■ **Records to use**:
--*--
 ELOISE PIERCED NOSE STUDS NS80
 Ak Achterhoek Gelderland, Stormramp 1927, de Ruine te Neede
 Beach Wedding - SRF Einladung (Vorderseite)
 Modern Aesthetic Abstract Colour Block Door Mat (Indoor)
--*--
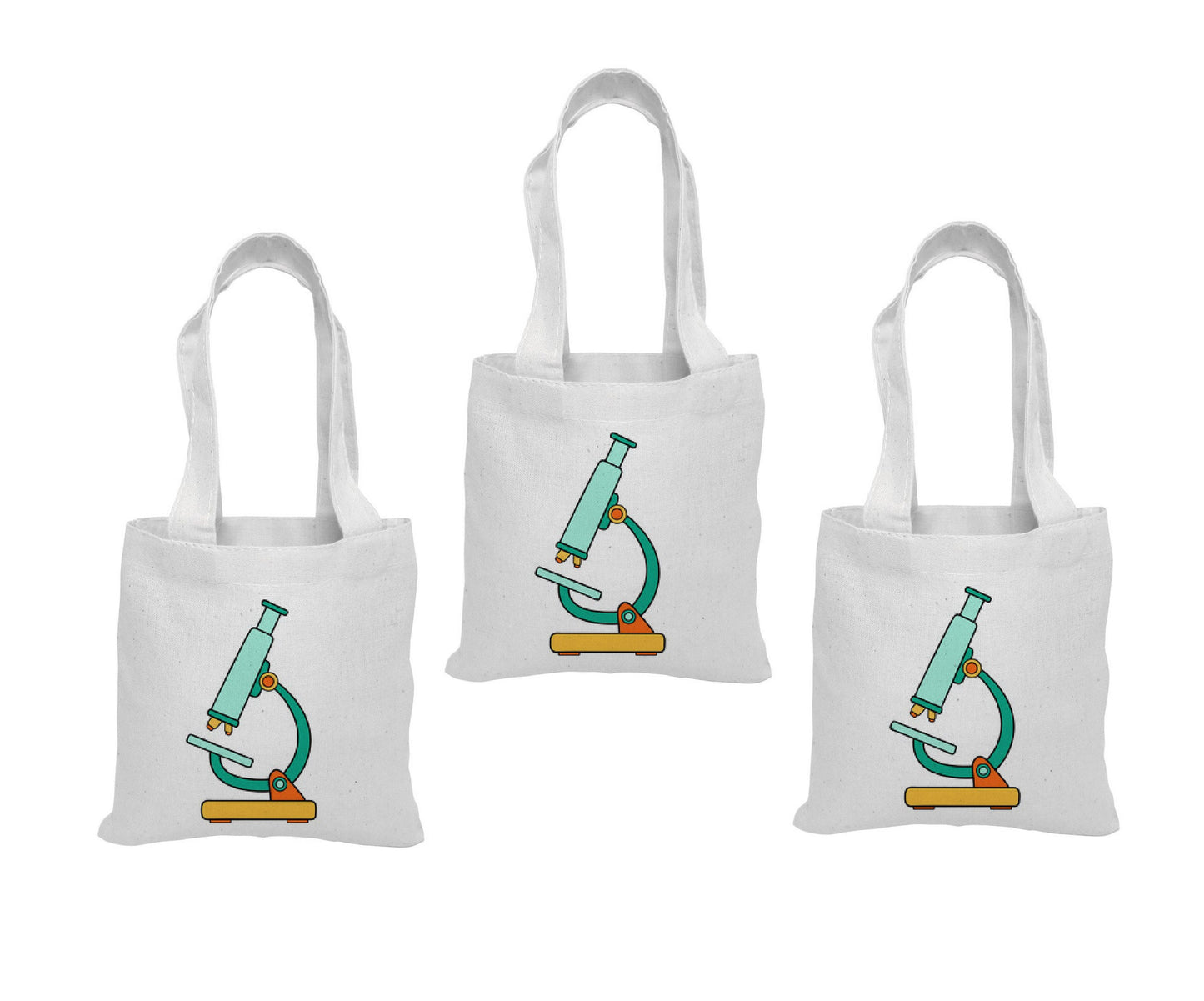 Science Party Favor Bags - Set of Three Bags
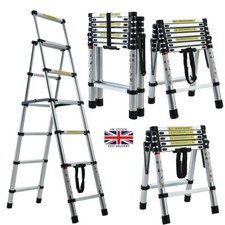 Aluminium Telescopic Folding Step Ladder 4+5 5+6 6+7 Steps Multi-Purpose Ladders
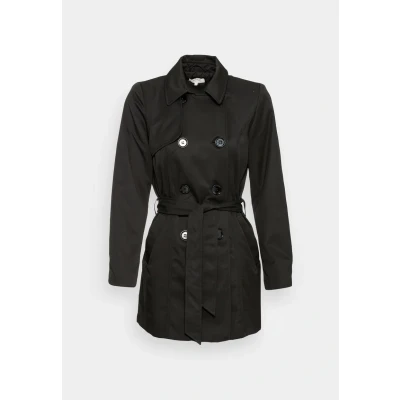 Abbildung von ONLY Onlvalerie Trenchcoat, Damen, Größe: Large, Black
--*--
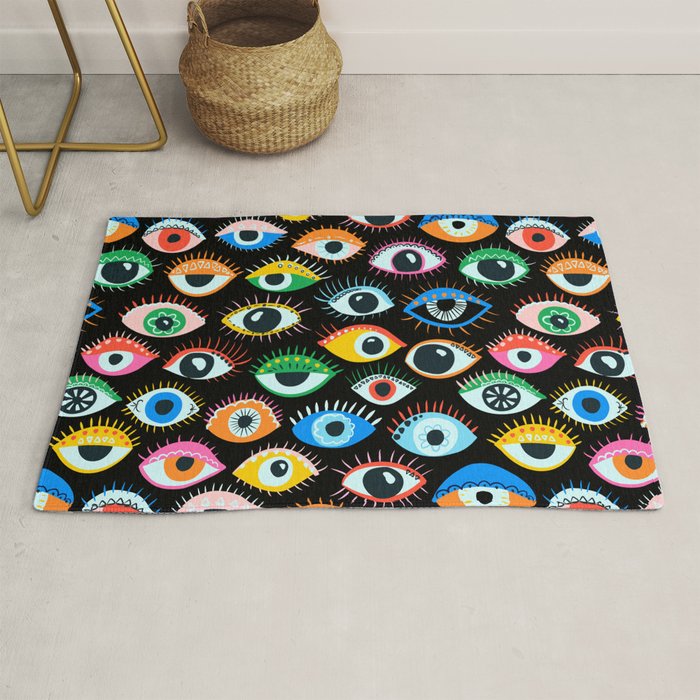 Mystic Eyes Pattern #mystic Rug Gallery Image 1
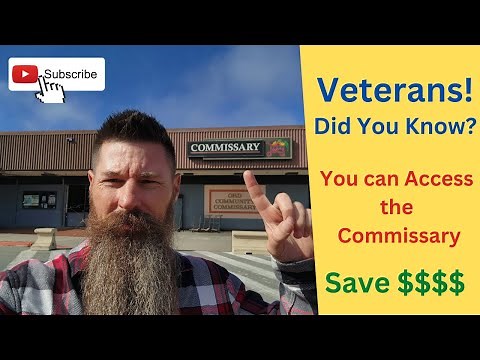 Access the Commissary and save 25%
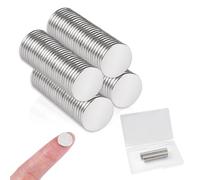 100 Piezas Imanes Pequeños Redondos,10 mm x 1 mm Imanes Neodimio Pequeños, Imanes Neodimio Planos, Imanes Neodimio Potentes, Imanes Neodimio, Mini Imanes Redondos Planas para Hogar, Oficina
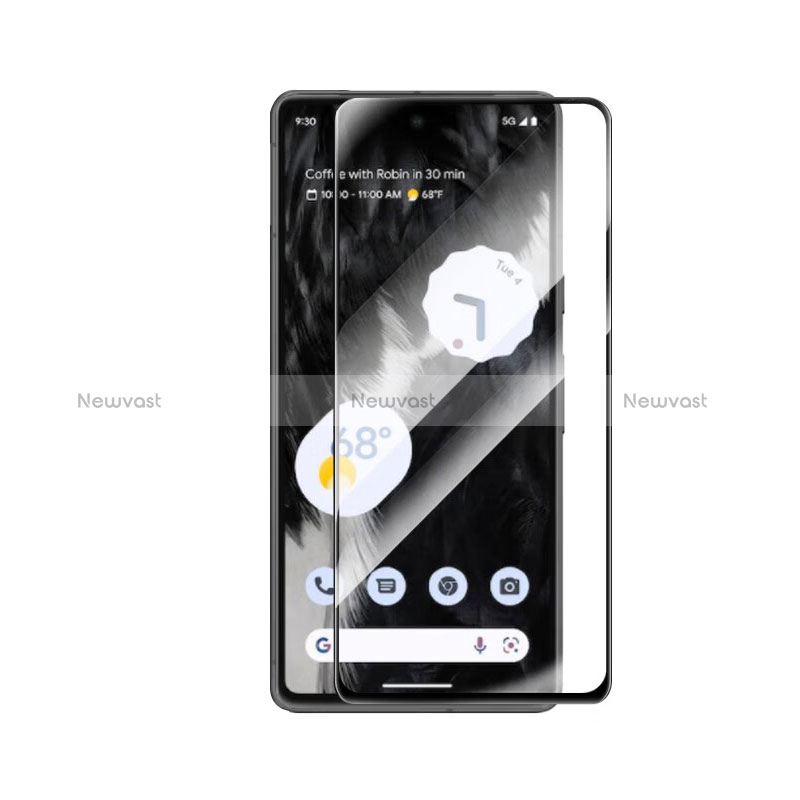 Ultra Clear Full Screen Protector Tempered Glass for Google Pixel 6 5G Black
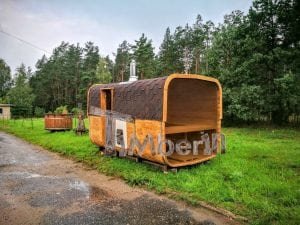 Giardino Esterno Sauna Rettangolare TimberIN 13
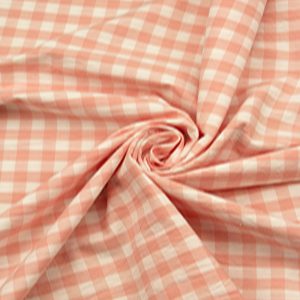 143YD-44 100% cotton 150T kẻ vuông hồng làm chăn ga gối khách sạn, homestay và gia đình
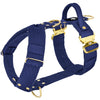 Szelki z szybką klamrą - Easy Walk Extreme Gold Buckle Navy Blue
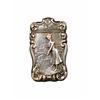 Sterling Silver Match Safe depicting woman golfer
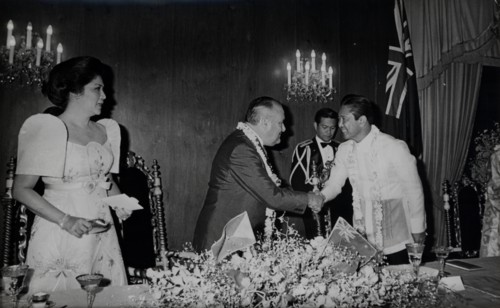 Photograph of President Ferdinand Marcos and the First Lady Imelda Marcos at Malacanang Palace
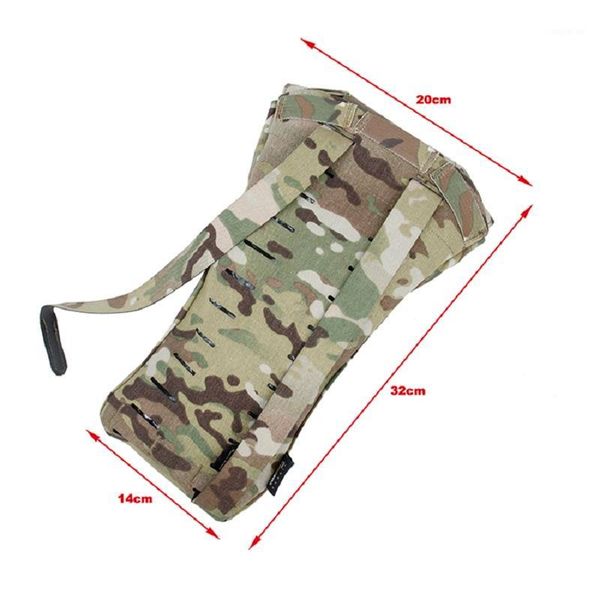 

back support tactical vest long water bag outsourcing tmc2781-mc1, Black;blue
--*--
■ **Problem to solve**:
Go to the line above that contains "Access the Commissary and save 25%" and reproduce everything exactly from there through the line that contains "143YD-44 100% cotton", leaving out the pictures.

■ **Result of the exercise**:
 Access the Commissary and save 25%
 100 Piezas Imanes Pequeños Redondos,10 mm x 1 mm Imanes Neodimio Pequeños, Imanes Neodimio Planos, Imanes Neodimio Potentes, Imanes Neodimio, Mini Imanes Redondos Planas para Hogar, Oficina
 Ultra Clear Full Screen Protector Tempered Glass for Google Pixel 6 5G Black
 Giardino Esterno Sauna Rettangolare TimberIN 13
 143YD-44 100% cotton 150T kẻ vuông hồng làm chăn ga gối khách sạn, homestay và gia đình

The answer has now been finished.